Records for this task:
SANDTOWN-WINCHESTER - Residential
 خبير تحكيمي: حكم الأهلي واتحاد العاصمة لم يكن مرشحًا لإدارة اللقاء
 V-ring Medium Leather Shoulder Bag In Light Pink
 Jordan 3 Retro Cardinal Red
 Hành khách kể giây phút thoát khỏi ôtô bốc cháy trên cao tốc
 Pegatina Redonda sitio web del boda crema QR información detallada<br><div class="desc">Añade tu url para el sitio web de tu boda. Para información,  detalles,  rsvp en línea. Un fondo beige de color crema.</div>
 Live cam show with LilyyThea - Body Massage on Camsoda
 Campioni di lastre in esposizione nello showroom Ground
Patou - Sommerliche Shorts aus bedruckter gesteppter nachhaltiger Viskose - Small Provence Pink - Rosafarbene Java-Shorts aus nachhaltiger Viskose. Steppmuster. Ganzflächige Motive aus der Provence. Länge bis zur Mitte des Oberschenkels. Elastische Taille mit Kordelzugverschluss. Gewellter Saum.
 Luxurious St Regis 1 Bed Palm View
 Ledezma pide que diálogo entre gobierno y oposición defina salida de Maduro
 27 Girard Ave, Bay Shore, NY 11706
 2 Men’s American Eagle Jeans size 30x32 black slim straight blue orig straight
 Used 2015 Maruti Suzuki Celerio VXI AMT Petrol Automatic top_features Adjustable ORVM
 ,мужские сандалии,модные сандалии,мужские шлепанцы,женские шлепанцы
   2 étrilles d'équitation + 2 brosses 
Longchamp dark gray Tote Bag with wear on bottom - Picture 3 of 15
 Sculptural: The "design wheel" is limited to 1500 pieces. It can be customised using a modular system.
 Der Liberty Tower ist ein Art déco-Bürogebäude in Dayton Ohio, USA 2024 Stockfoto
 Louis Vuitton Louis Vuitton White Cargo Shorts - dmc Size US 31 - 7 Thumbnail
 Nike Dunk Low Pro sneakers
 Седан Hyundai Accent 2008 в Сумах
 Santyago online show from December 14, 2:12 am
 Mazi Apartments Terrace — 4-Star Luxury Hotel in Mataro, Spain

What the task requires: Could you reproduce, exactly, every line above from the line with "сандалии,мужские шлепанцы,женские шлепанцы" to the line with "Седан Hyundai Accent 2008 в Сумах", and no other line? Both ends count.

Output for this task:
 ,мужские сандалии,модные сандалии,мужские шлепанцы,женские шлепанцы
   2 étrilles d'équitation + 2 brosses 
Longchamp dark gray Tote Bag with wear on bottom - Picture 3 of 15
 Sculptural: The "design wheel" is limited to 1500 pieces. It can be customised using a modular system.
 Der Liberty Tower ist ein Art déco-Bürogebäude in Dayton Ohio, USA 2024 Stockfoto
 Louis Vuitton Louis Vuitton White Cargo Shorts - dmc Size US 31 - 7 Thumbnail
 Nike Dunk Low Pro sneakers
 Седан Hyundai Accent 2008 в Сумах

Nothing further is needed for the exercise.